公益財団法人イオン1%クラブ

守れ閖上の砂浜!
ZEROマイプラによる食料生産と豊かな海作り

TOP > 子どもたちの健全な育成 > イオン エコワングランプリ > 過去の受賞活動 >守れ閖上の砂浜! ZEROマイプラによる食料生産と豊かな海作り

守れ閖上の砂浜! ZEROマイプラによる食料生産と豊かな海作り

宮城県農業高等学校

活動内容について

環境保全部の活動内容はこちらよりご覧ください。

海岸にたまったプラスチックカプセルに危機感

ある日、生徒たちが地元・名取市閖ゆりあげ上の砂浜でごみ拾いをしていると、5㎜大の透明な粒が大量に打ち上げられているのを見つけた。「カエルの卵かな?」と当初思われていたものは、調べてみるとプラスチック製のカプセルで、水田で使われた被覆肥料の残骸だと分かった。肥料の表面をプラスチックで覆うことで成分をゆっくり溶かし、5カ月間効果を保つものだが、最後に残ったカプセル部分が用水路を通って海まで流れ着いていたのだ。「マイクロプラスチックによる生態系の破壊や水質汚染につながる」と危機感を抱き、解決への研究を開始した。

逆転の発想で誕生した「ZeroMP法(ゼロマイクロプラスチック法)」

ゆっくり溶かしたいのであれば、溶けるのが遅い肥料を使えばいい―。
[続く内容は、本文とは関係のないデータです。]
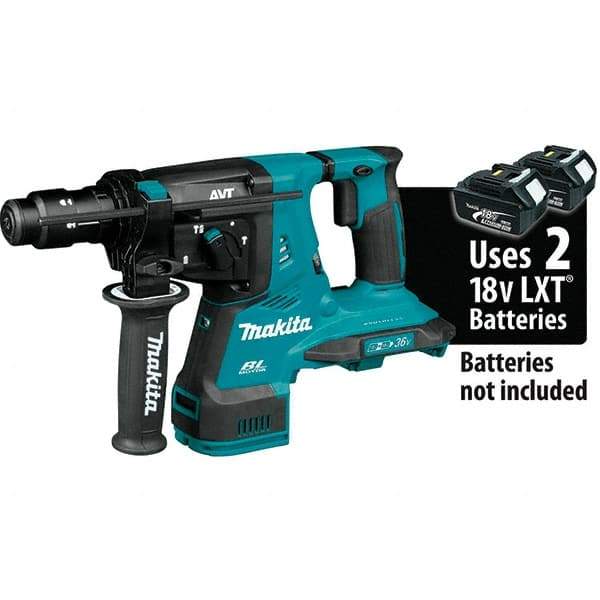Makita - 36 Volt 1-1/8" SDS Plus Chuck Cordless Rotary Hammer - 5000 BPM, 0 to 980 RPM, Reversible - Exact Tool & Supply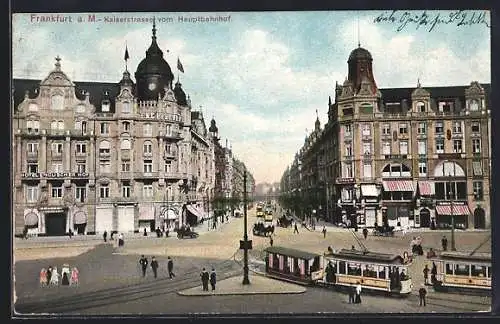 AK Frankfurt a.M., Kaiserstrasse mit Strassenbahn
逆転の発想でたどり着いたのが、窒素とアルデヒドを合成したウレアホルムという物質で、土中で時間をかけて分解され、ゆっくりと効果を表す特性を持つ。昔から肥料として用いられてきたため、実用性を確認できればすぐに量産できると考えた。
そこで地元企業に相談し、ウレアホルムを含んだ水田用の肥料を作成。実地で肥料の溶出実験や、EC(電気伝導度)試験を行って、通常の肥料よりも効果が長いことを確認した。さらにコスモスや水稲を実際に栽培して生育状況や収穫量を調査し、水田や畑で十分に効果があることが認められ、生徒たちはこの栽培法を「ZeroMP法(ゼロマイクロプラスチック法)」と命名し普及活動を行っている。

「元を断つ」活動で、世界的な海洋ごみ問題に貢献

生徒たちが海岸近くで回収したごみの半分はプラスチック製品で、ペットボトルやトレーはある程度回収できても、今回のカプセルなどのマイクロプラスチックを拾い集めることは難しい。
一方で「ZeroMP法」が広まれば、農家の負担を増やすことなく、肥料の全体量を減らし、マイクロプラスチックごみが生まれる「元を断つ」ことができ、世界的な海洋ごみ問題にも貢献できる活動となっている。